Directions for this task.
Your answer should hold exactly the lines below from the line with "Мультитул (плоскогубцы)" through the line with "018 Foulard en grande taille", both included, and no pictures at all.

[Records]

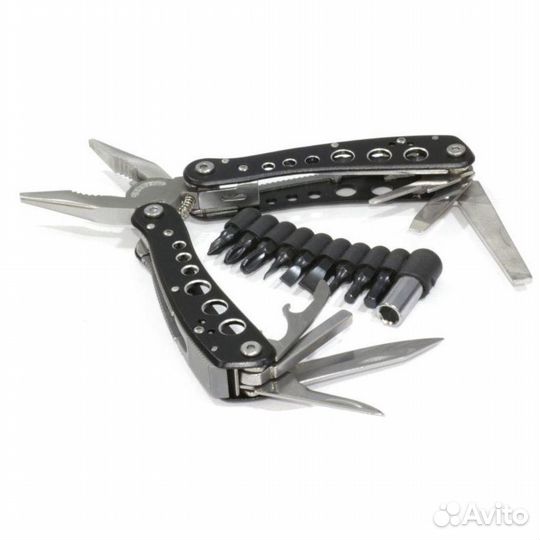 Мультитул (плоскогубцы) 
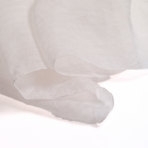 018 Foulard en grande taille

[/Records]
[Records]

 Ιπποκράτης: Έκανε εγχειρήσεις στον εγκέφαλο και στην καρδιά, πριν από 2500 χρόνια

[/Records]

Exercise answer.
 Мультитул (плоскогубцы) 
 018 Foulard en grande taille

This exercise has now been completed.